Oregon Law Gives Consumers More Vehicle Information When Car is Totaled

January 13, 2010

The Oregon Department of Consumer and Business Services is reminding insurance agents and residents that they have new rights if their vehicle is totaled in an accident. New rights when your car is totaled

House Bill 2190 took effect in January, allowing drivers to get more information and leverage when negotiating a settlement for their totaled cars, DCBS said.

The new law requires insurance companies to:

  • Give car owners a written notice that explains total loss, including how car values are determined and what to do if the owner disagrees with an insurer’s offer.
  • Give consumers the valuation or appraisal reports used to set the vehicle’s value. Currently, a consumer must ask for a copy.
  • Pay car owners the amount not in dispute while negotiations over value continue. For example, if an insurer offers $4,000 and the car owner seeks $5,000, the insurer must pay the $4,000 upfront.
  • Reimburse consumers for reasonable appraisal costs. This applies when the owner has the right to an appraisal and the final appraised value is greater than the insurer’s last offer.

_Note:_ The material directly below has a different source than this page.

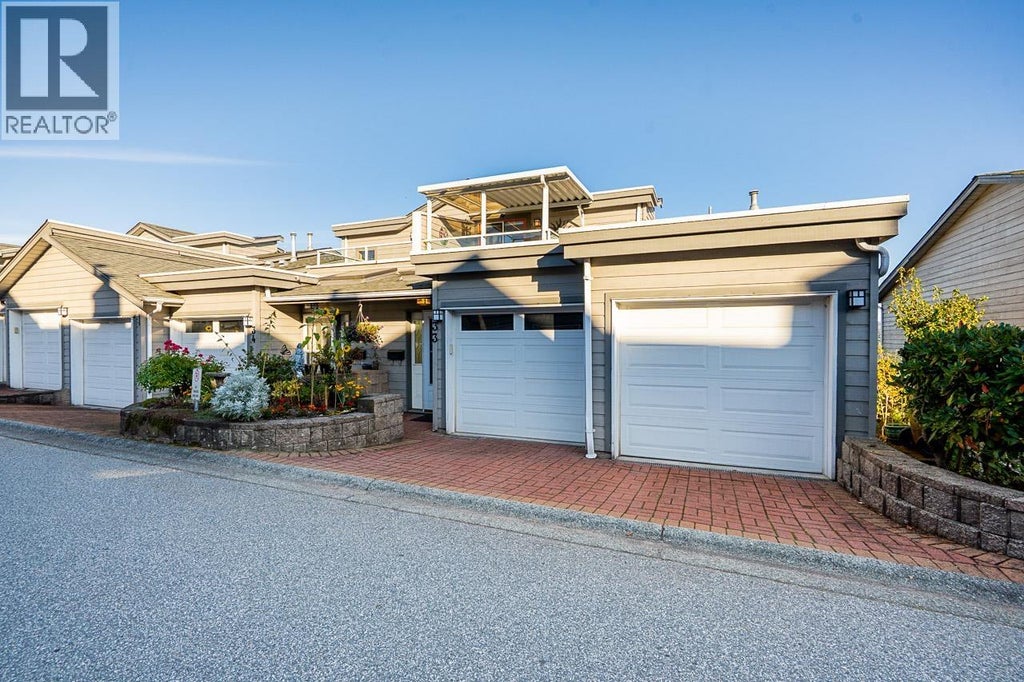 33 323 GOVERNORS COURT, NEW WESTMINSTER, BC V3L 5S6 - Image 2901357549.jpeg?d=l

Consumers often feel like they have no power when negotiating with insurance companies over totaled cars — they disagree with the offer but they receive little information about how the company determined the value, said State Rep. Paul Holvey, (D-Eugene), who chairs the House Consumer Protection Committee.

Having insurers pay the undisputed amount is particularly important because many people need to buy a new car right away to get to work, said Teresa Miller, administrator of the Insurance Division. This fact of life forces some consumers to give up any thoughts of researching their vehicle’s value and negotiating a settlement.